I think the writers did a really good job of explaining where we are now and how it kind of fits in the transition. It’s pretty clean, but as you can see —
Sara: You can look at the see we’re poor. (LAUGHS Pointing to the set behind them)
Michael: Yeah. So, I think it’s, for fans without giving everything away; it’s much closer probably to the core of the show, the majority. And as you can see from the set, kinda the time period is appropriate for that.
How did it feel to come back to the set like 20 years later?
Lecy: It still feels like a family. You know, it feels like going home. I’m from outside of Chicago. When you walk in your front door, and you think, “oh, yeah,” this is that feeling. That’s how I felt here, especially when I see these faces and I hear Roseanne’s voice piercing [LAUGHS] through the set. You know, it really just feels that way.
And, you know, sometimes I’m driving to work, and I think there’s like this kind of ‘90s revival going on in general, so I’m listening to a song, some like grunge song or something like that. And then I’ll show up to work, and I’ll think like what. Am I stuck in some time warp [CHUCKLES] or something like that, you know?
So, what was your reaction when the idea of coming back was pitched to you?
Michael: We have Sara largely to thank for that. I think a big part of this kind of initiated with what John and Sara did on The Talk. Then Sara really has kinda taken the ball and run with this and kinda brought everybody together. She’s kind of modest in that standpoint, but she really has been a very pivotal part of that. I think we’re all really thankful that we got this opportunity to all be together again.
Lecy: I had so many questions because I’ve kinda just been living my life and, of course, Roseanne’s been a huge part of my life, my career, everything.
But revisiting I had a lot of anxiety about particular the writing, if it was gonna be good if it was gonna feel like the show. What was it gonna look like? What was it gonna be like? I had so many questions. Then when I showed up to set, and we were around the table, and we were reading, I just felt so relieved and so connected and grounded in our world again. And it was just such a moving, beautiful thing. I’m like about to cry. [LAUGHS]

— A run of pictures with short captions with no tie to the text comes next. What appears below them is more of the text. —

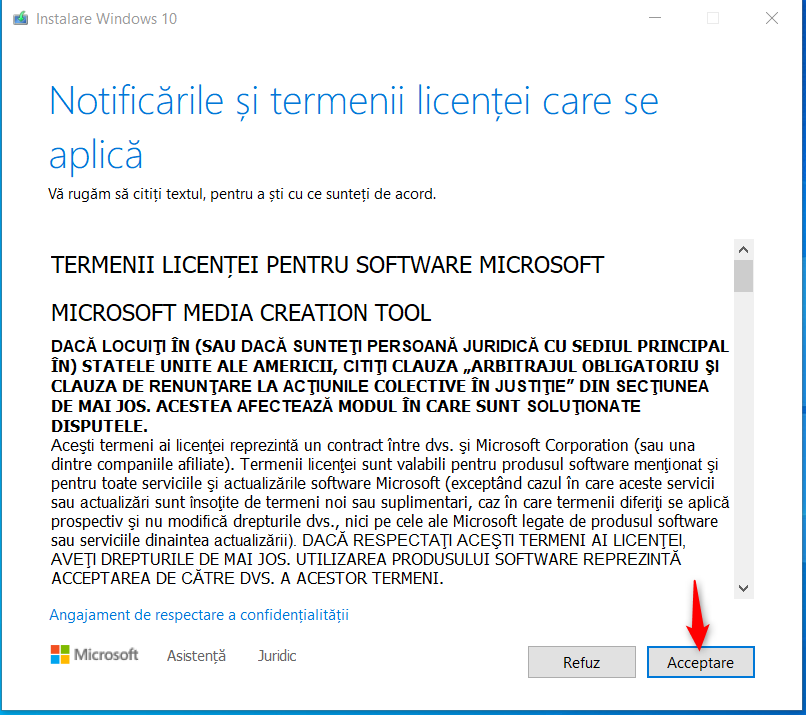 AcceptÄƒ termenii de licenÈ›Äƒ pentru Windows 10 Media Creation Tool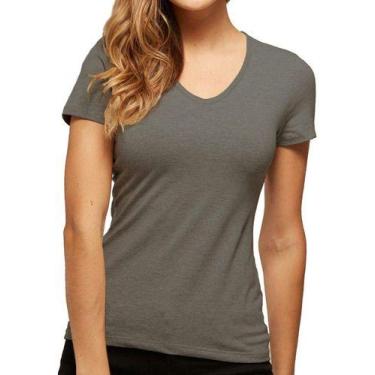 Imagem de Baby Look Gola V Camiseta Feminina Básica Blusinha Algodão - Vesttuari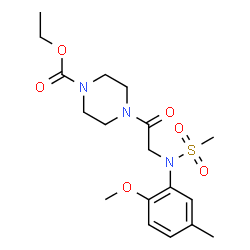 ChemSpider 2D Image | Ethyl 4-[N-(2-methoxy-5-methylphenyl)-N-(methylsulfonyl)glycyl]-1-piperazinecarboxylate | C18H27N3O6S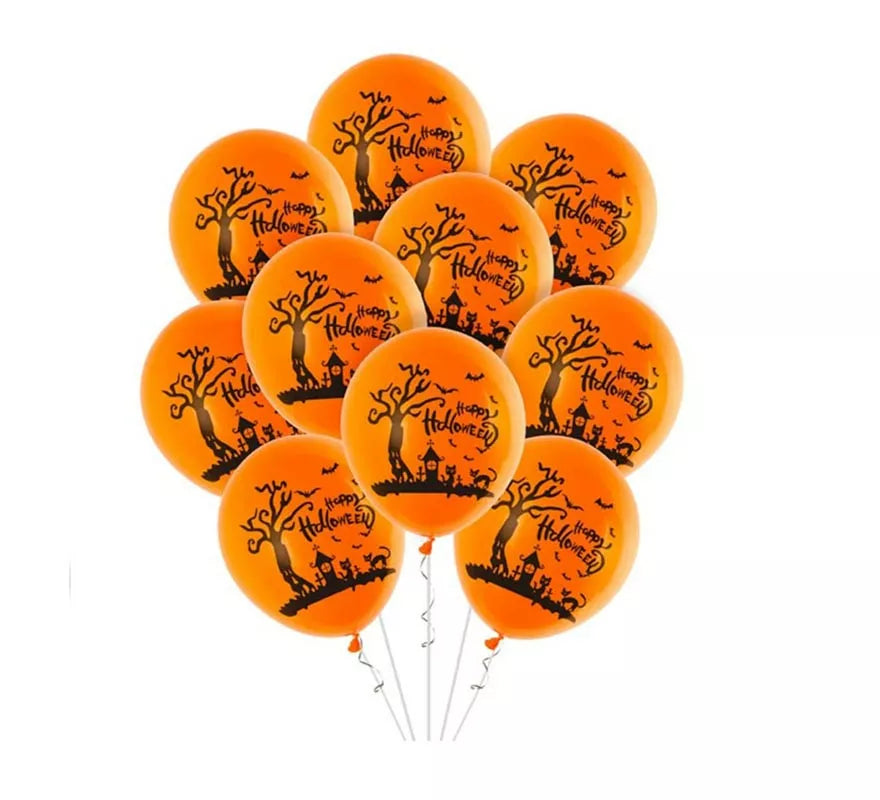 Pack de 10 Globos Paisaje Halloween de 30 cm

So, why did you feel that now was the right time? What do you want this new generation that never saw the original show to get from the new Roseanne?
Sara: I think in one respect it was an incredible time to do it because I felt like our country is so divided. And I feel like this is a working-class family that can have varying political views even within the family but still loves each other. And I thought what a great way to try to help unite people, have people listen to each other. You know, I strongly believe that we can disagree without being so divided. So, I’m hoping that we can help in that way.

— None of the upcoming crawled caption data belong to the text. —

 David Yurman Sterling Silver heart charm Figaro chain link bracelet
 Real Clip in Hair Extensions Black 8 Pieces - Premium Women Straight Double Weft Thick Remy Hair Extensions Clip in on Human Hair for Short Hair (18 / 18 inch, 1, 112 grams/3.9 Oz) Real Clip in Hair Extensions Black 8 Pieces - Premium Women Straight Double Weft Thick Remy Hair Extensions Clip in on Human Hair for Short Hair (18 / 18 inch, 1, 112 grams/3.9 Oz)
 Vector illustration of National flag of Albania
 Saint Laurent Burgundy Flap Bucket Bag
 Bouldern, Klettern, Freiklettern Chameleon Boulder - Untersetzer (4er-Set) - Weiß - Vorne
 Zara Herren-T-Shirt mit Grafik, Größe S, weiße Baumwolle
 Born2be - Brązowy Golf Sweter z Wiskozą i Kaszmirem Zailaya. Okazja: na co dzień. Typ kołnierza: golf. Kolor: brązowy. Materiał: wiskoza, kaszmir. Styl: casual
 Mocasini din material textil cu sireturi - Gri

And then it was also just a matter of synchronicity. I think none of us really thought that everybody would be onboard. And when I heard John say that he would do it, then it just motivated me to see if everyone would do it. So, it is sort of this wonderful time in our country to do it, but that just was a lucky byproduct of the fact that we all wanted to do it at this moment.
Can you share with us a favorite moment in this filming this season?

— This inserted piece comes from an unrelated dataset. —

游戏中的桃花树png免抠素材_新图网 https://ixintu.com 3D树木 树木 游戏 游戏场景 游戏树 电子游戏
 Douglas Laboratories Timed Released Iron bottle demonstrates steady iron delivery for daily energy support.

Sara: Well, I personally have loved some of my moments with Lecy. I feel like our characters have gotten older obviously, and because I was a child when we did it before my relationship with John and Roseanne’s characters, with Dan and Roseanne, were different. I was a young child. They were the parents. And now it’s a little more like peers, our relationship. So that’s changed. But my relationship with my siblings is the same. So, I love that feeling that there’s the same kind of like snarky, contentious [LAUGHS] answer, but then we also love each other and bail each other out of hard situations.
Can you tell us a little bit about each of your characters, where you are? Are you married? Do you have children?
Lecy: Becky is a widow. And she is a waitress. And she really likes to drink.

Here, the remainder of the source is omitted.